Notes from today:  As I read this excerpt from 3 years ago, I am once again reminded that healing is a choice and healing is done in layers.  Each layer needs to be explored and healed so another layer can open and clearing the soul takes place.  Transformation is a process.  Many of us would like it instantaneous.  Birthing takes time.  I am grateful for the time to heal.  The process is lifelong and I no longer seek a conclusion.  I seek to see within any shadows or hurts that I need to explore to heal.  Thank you for reading.

The night was as short as the rest, but what a great wake up this morning.  I looked in the mirror and I looked different.  I felt different.  I went to work and no one knows what is going on and they said I looked different more rested.  Todd kept trying to push my buttons and it had zero effect on me and I laughed.  I felt good all day.  I laughed.  Having my heart and having worthy in my heart is so amazing.  I feel and it isn’t just sadness and darkness.  I feel good and happy.  Happy today.  Sad for some things, but happy celebrating me – my heart – worthy.  Celebrating  disengaging from human dad.  My heart was so enmeshed with his decaying heart.  Now it is within me where it needs to be and where I want it.  It is a fresh and pure heart.  Innocent and trustworthy.  Strong heart.  Worthy coming into my heart is growing stronger and the two of them in union with one another is powerful.

Spirit Dad:  I am so proud of you.  How far you have come!
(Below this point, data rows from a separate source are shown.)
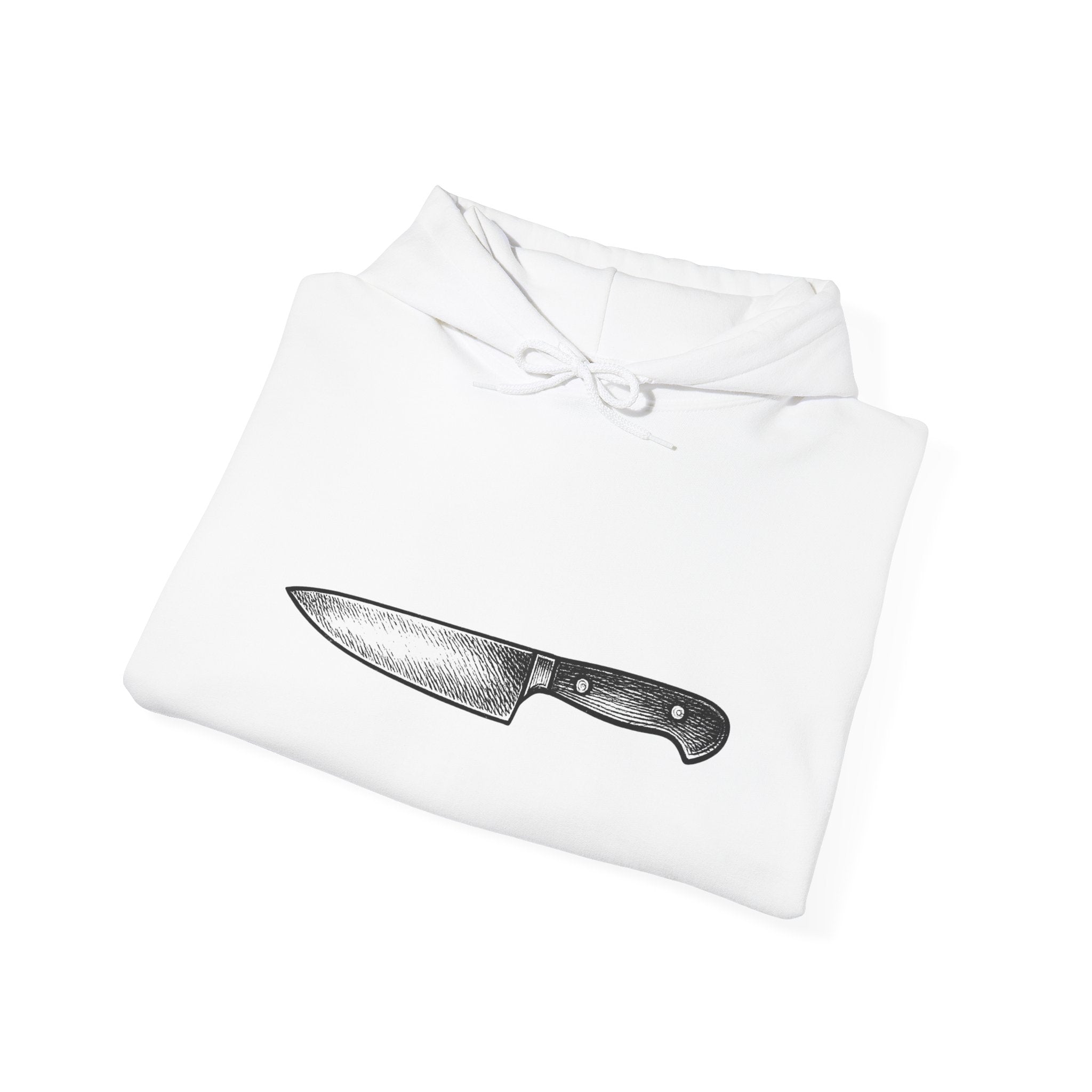 Chop It Like It's Hot | Talk Cooking to Me | Unisex Hoodie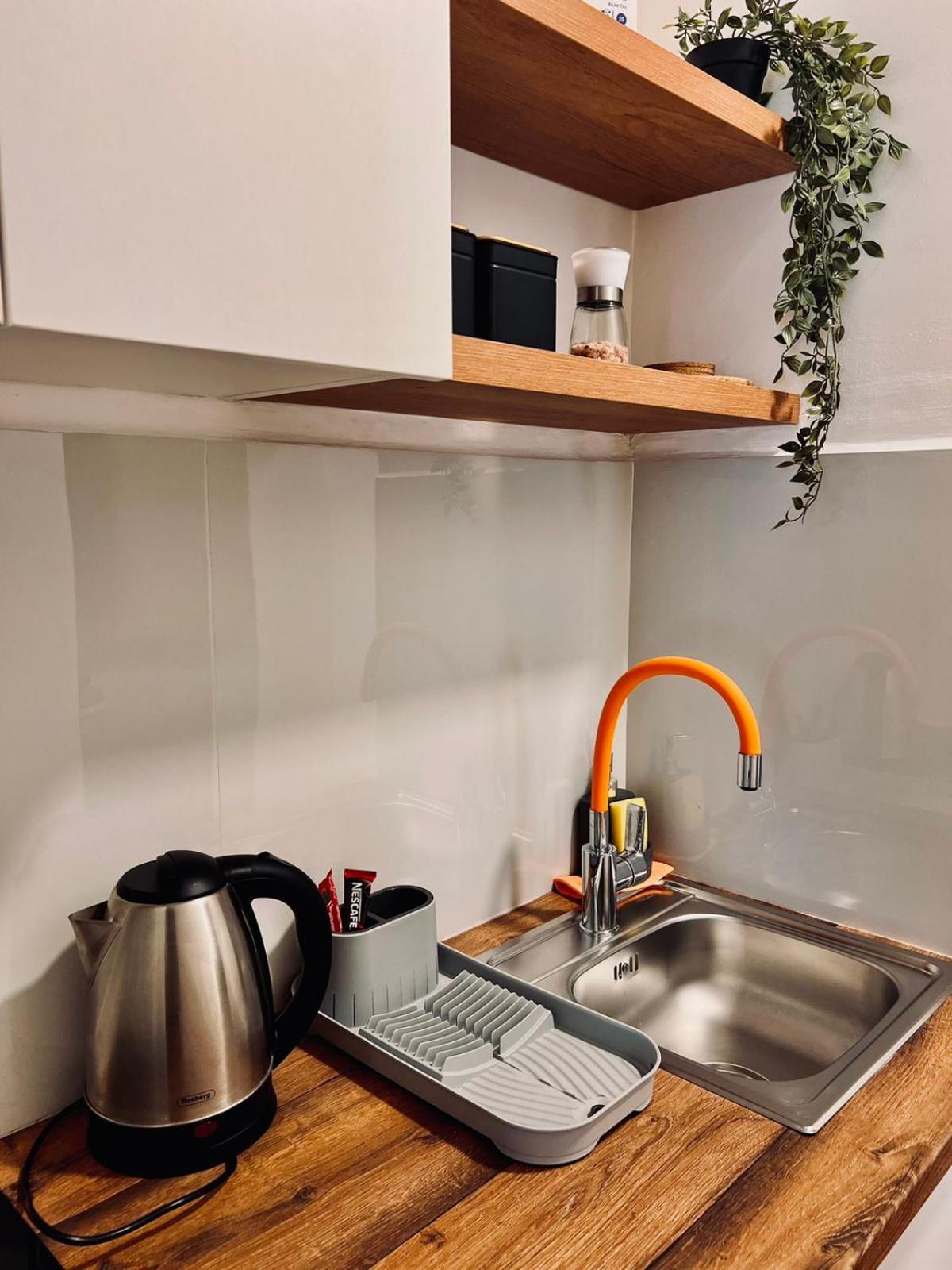 Stefan Suite Belgrade Center Apartment Eksteriør bilde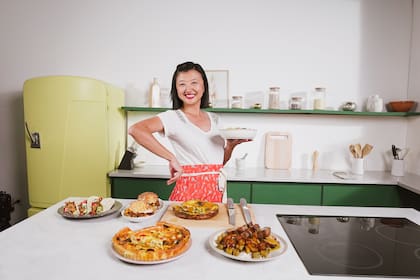 Karina Gao para Foodit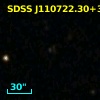 SDSS J110722.30+380600.8
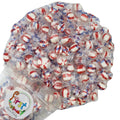 Starlight Mint Hard Candy Disc 10 Pound Bag - Nostalgic Peppermint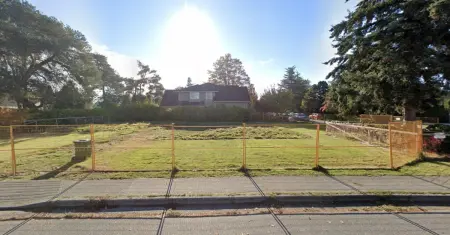 11780 Kingfisher Drive, Richmond, BC, Richmond — Land for sale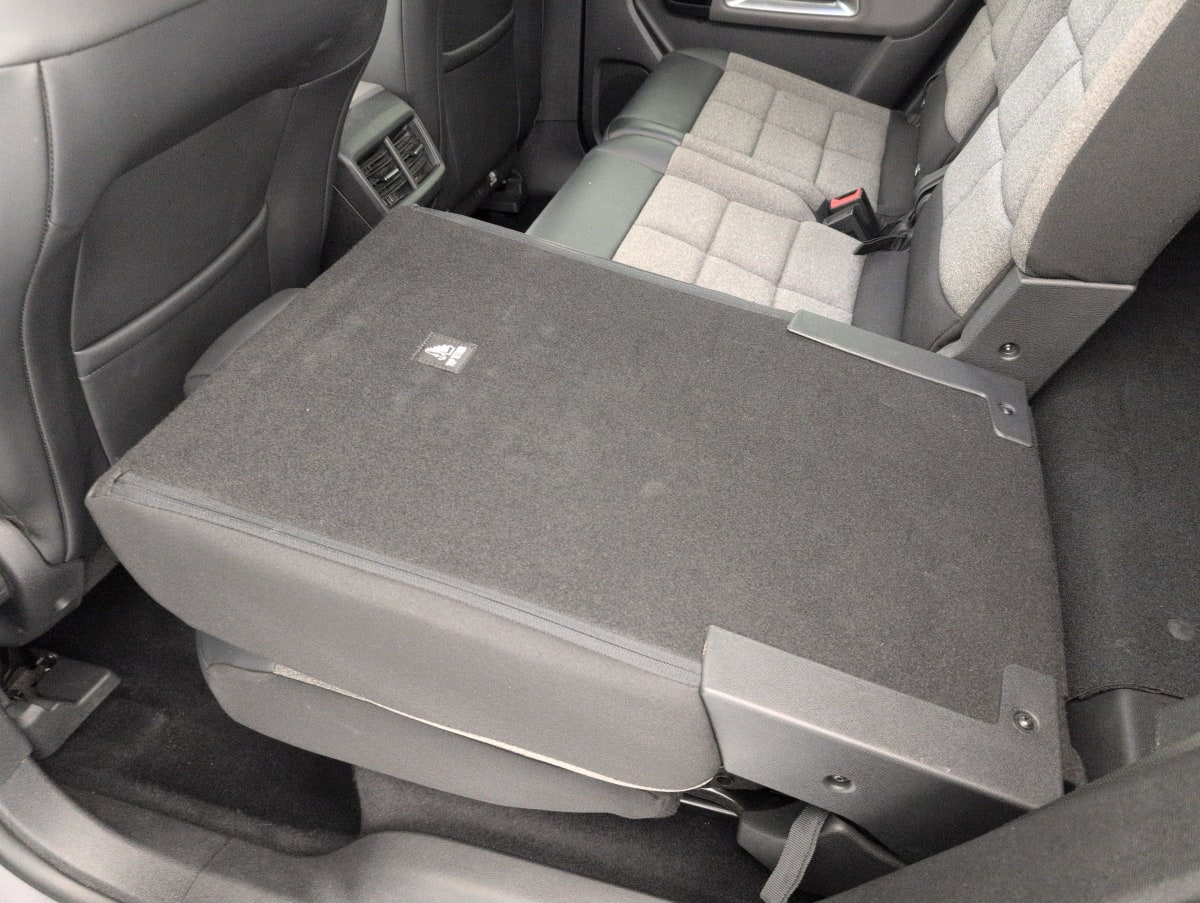 Citroën C5 Aircross — photo 12
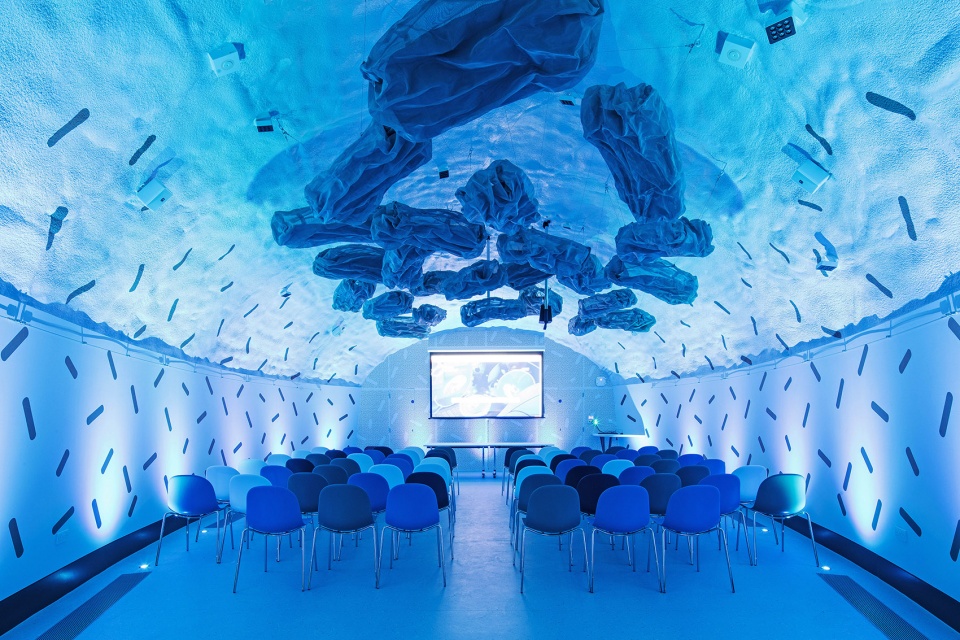 neuron pod by all design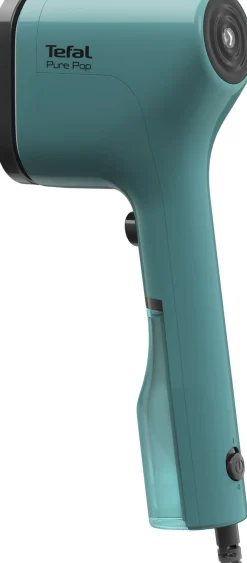 Tefal Pure Pop Garment Steamer Green Outlet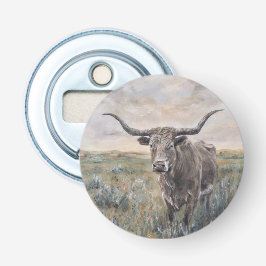 "Longhorn" Flaschenöffner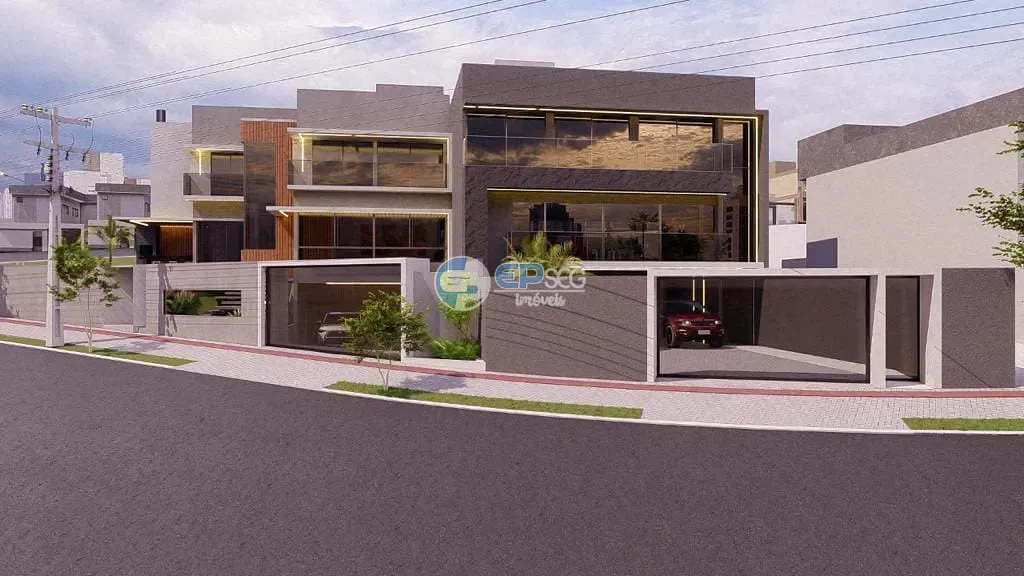 Sobrado, 3 quartos, 203 m² - Foto 3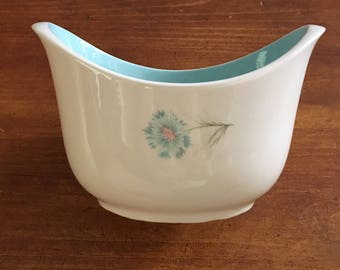 Taylor Smith Taylor Boutonnière Sauce Boat Aqua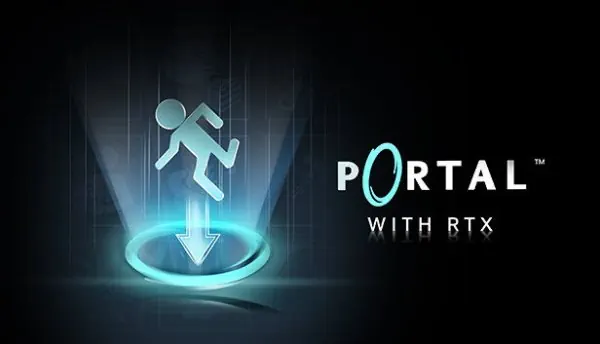 Portal with RTX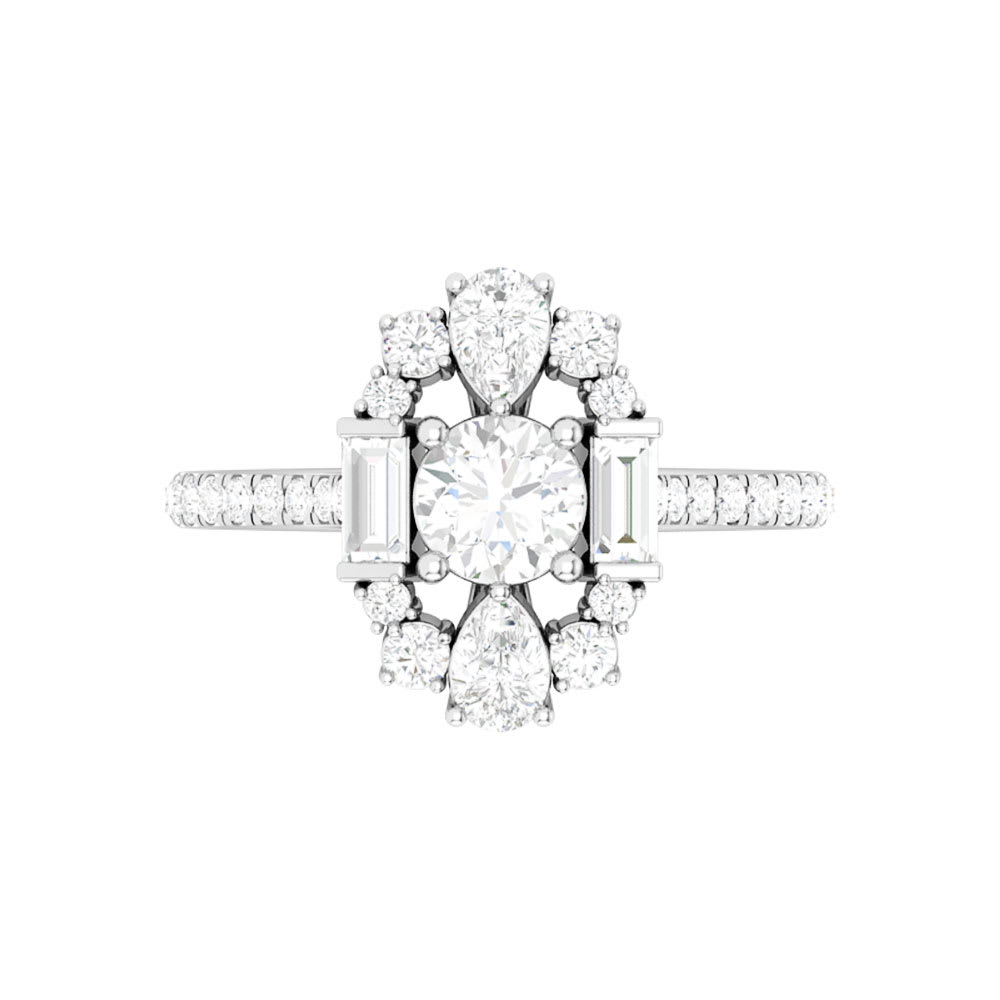 Royal Engagement Ring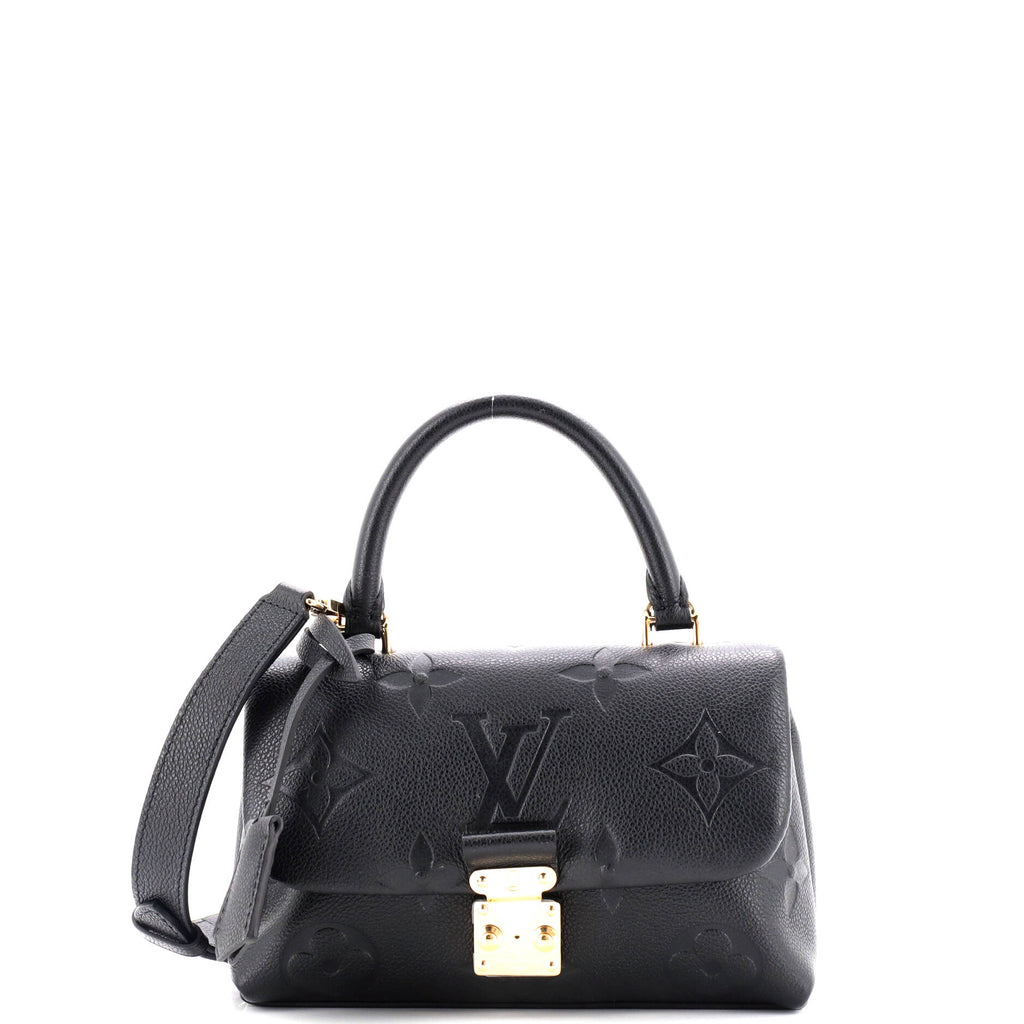 Madeleine Handbag Empreinte Leather BB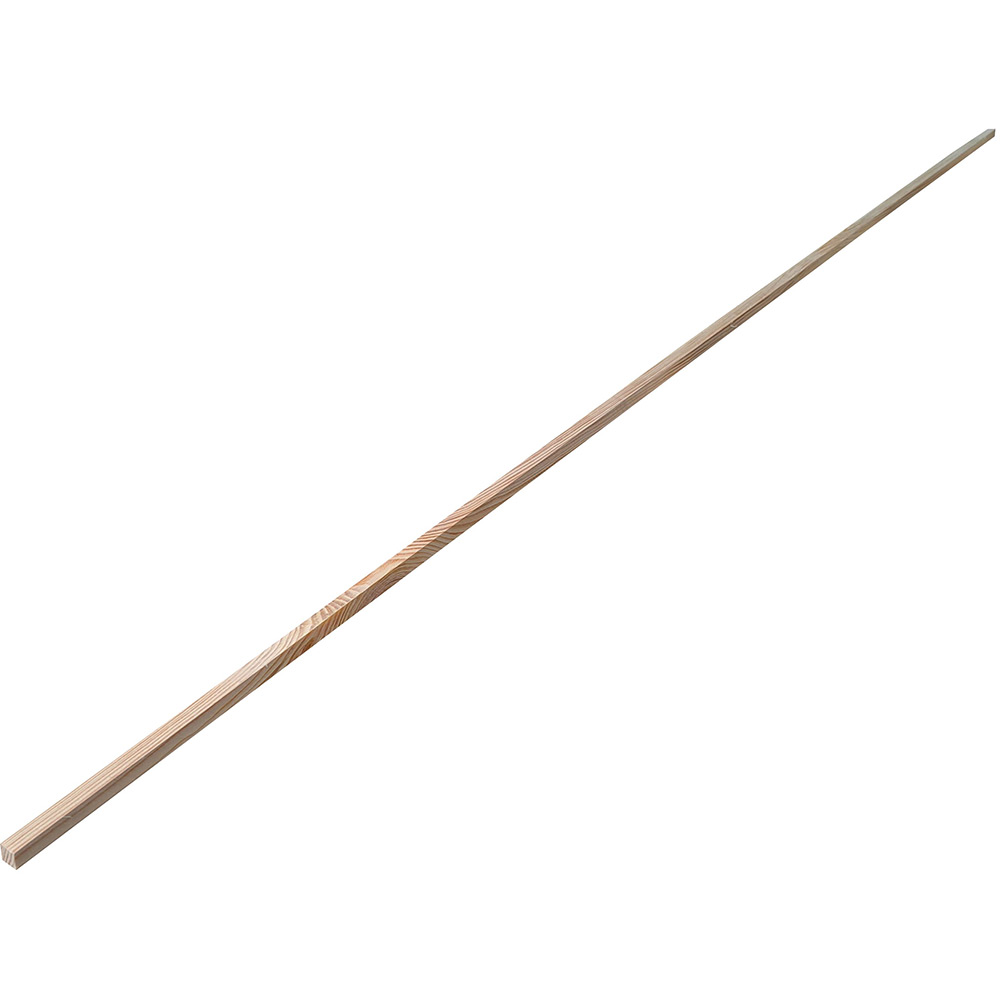 Plinta rindeluita rasinoase, calitate A/B, 2000 x 12 x 12 mm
Me:  Thank you.  I am excited.  Before we start process, I have something very special to share with you and all the others.  Maybe you can tell Chuck’s dad, too.  Chuck’s book is being shipped and he just sold his first book.  That is so exciting!!  I am so proud of him.  He has come a long way.

Spirit Dad:  Congratulations Chuck.  Job well done.  You took a challenge you created and turned it around.  I am proud of you.  Your father is as well.  We celebrate you today Chuck.

Me:  I will let him respond, but I know his heart will grow because of everyone’s affirmations.  Thank you.  He is so amazing.  He has come so far.

Spirit Dad:  The both of you have.  You both have had incredible journeys .  I am glad you reconnected with each other.  You’ve always been so powerful and good together.  Trust that you both have a very deep abiding love for one another and you know each other’s hearts so well.  Enjoy that for all that it is.

Me:  I know.  We still are good together.  I trust his love more and more every day for me.  I found my heart and I am not willing to give it away so I am holding on to it and finding out all that it means to have a heart with worthy and to love myself.   I can’t wait until this process is done to truly my future.  I am speaking about a future.  Can you believe that!!!!  I don’t want to rush through it.  I want it to all be in the right timing fully and completely.

Spirit Dad:  It is moving in that direction.  You’ve done so much work and have come so far.  There is a bit more to go.  Trust yourself on the journey.  You will know when it is time.

Me:  I do trust myself.  All of a sudden I am very tired and exhausted.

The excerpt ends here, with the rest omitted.